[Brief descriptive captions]
..............................

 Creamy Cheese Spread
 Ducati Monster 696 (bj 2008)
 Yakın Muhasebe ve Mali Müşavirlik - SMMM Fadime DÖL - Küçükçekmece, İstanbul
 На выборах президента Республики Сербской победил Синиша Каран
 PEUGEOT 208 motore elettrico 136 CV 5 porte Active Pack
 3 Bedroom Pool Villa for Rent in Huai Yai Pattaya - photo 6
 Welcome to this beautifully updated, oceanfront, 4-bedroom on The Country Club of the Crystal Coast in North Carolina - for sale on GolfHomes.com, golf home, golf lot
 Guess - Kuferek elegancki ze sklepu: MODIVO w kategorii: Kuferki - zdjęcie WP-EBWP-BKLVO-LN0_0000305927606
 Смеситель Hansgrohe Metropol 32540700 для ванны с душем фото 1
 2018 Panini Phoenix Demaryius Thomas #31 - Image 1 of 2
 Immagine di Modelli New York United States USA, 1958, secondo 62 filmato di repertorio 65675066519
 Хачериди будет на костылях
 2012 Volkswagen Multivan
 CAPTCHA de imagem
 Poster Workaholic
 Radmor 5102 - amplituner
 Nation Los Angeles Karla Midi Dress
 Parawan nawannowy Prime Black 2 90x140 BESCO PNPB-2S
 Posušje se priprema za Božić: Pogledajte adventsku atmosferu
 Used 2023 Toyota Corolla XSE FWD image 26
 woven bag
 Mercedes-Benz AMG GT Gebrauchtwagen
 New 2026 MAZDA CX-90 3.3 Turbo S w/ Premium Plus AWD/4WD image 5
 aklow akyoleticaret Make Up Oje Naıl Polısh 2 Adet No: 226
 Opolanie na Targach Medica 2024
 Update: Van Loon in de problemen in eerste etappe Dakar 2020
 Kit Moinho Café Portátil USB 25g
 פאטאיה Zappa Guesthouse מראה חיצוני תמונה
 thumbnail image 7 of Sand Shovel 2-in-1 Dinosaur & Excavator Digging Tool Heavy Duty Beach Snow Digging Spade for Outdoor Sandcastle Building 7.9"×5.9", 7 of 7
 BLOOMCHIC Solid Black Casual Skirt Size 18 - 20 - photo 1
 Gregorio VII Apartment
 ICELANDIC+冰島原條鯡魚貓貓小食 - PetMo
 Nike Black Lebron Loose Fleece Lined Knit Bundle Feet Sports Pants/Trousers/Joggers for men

..............................

Please give a word-for-word repetition of the lines from the one containing "ICELANDIC+冰島原條鯡魚貓貓小食 - PetMo" through the last line of the data above, including both, and nothing besides.

## Task result
 ICELANDIC+冰島原條鯡魚貓貓小食 - PetMo
 Nike Black Lebron Loose Fleece Lined Knit Bundle Feet Sports Pants/Trousers/Joggers for men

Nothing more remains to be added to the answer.